Gary (Ryan Reynolds), is an actor. And a somewhat physcological breakdown was brought down to him that he comitted to an act of arson that put him into a house arrest. Meet Margaret (Melissa McCarthy), a publicist who later acted as Gary's babysitter. A babysitter which can quote Kathy Bates from Rob Reiner's Misery. Now, if you've seen Misery (or read it), you wouldn't want such babysitter. Gary's next-door neighbour, Susan (Hope Davis) is an attractive Canadian. Now, that's how much i could tell you about this film and that's was just the first part. It is that weird, that to really explained it fully in a span of an article standard to this blog won't be sufficient.
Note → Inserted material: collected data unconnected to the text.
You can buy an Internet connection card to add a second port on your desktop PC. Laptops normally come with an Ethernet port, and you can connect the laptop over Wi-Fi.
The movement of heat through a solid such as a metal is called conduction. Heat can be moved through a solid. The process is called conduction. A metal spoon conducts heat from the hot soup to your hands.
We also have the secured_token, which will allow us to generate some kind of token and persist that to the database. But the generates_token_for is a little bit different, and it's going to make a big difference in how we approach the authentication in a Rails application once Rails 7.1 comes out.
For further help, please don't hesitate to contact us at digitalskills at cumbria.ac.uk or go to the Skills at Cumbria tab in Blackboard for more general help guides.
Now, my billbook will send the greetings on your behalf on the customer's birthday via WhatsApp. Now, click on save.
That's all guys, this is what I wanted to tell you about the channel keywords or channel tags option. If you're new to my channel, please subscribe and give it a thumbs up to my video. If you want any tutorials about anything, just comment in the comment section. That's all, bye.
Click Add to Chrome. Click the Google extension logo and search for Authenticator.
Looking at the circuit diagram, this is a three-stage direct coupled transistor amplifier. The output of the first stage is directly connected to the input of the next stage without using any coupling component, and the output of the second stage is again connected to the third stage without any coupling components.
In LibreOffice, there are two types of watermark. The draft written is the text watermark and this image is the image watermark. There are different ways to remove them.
I must say, that the film doesn't try to be all mysterious. It doesn't try to solve a puzzle, nor is it to offer an answer or an explanation. For all it's haughty theme and mission, i found that this film was merely telling a story. And given the nature of its story (in simple words, they are rather metaphysic. With an inspiration that probably came from the world shaped by the Internet and a larger portion of John August's personal professional life as a screenwriter), it won't appeal to many. Once the curiousity died away, many would simply changed a channel.

Ryan Reynolds in my opinion is one of the very few good young actors working today. I had seen three of his films in a relatively short time span, and his versatility was curiously deserved more attention in the future. In this film, he took three roles at once as a popular actor uncomfortable with him being a spotlight, manly, handsome, but unsecure, as a writer, smart, composed, timid, but confident, and pretty much as himself, reckless, with all the right ingredients for a young leading dude which reminds me a lot to his role in The Amytiville Horror. He was at ease in it. Easily switching colors like a chameleon. Melissa McCarthy was in her usual self as per seen in Gilmore Girls. Hope Davis wasn't had as much as challenge as Ryan and frankly, she is forgettable. And Elle Fanning (Dakota's little sister) though has a limited screen time was creepingly cute.
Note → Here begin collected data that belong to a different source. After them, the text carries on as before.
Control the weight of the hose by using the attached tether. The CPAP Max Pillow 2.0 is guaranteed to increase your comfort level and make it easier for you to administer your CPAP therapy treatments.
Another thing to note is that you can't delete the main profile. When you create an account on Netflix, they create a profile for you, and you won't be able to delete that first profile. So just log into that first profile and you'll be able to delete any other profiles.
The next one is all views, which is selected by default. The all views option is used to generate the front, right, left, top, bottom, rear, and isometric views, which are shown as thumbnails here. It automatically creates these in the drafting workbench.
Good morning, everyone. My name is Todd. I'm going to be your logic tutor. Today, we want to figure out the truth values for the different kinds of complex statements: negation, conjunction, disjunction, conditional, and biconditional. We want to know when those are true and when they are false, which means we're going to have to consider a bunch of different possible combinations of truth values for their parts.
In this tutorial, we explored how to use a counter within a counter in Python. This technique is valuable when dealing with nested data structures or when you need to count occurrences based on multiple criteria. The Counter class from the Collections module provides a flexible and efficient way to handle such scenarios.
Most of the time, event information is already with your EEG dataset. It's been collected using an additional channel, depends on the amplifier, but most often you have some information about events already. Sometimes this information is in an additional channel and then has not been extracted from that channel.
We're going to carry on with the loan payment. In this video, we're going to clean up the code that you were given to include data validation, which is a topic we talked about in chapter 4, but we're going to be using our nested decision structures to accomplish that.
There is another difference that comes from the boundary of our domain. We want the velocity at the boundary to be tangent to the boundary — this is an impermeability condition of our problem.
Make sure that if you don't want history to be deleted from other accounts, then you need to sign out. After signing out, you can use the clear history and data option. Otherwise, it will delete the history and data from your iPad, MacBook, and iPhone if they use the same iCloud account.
Further, i would say that this film is nothing more than a 100 minutes wasting away in a drain for i had no revelation, no sense of relief, or anything for that matter. Well, probably it wasn't my cup of coffee, or most likely, that i wasn't curious enough about "the Nines" that after a while, i stop caring, and when the Nines was actually "revealed" (notice the quote mark), rather than "ooh"-ing or "aah"-ing in an understanding, i checked my watch to see how much the time has gone by, or was it still enough time to write this article down and sit through another film, or not.

My rating: *1/2 / **** - Just digging my computer to see is there any 'old' article i hadn't yet published. This is one of them.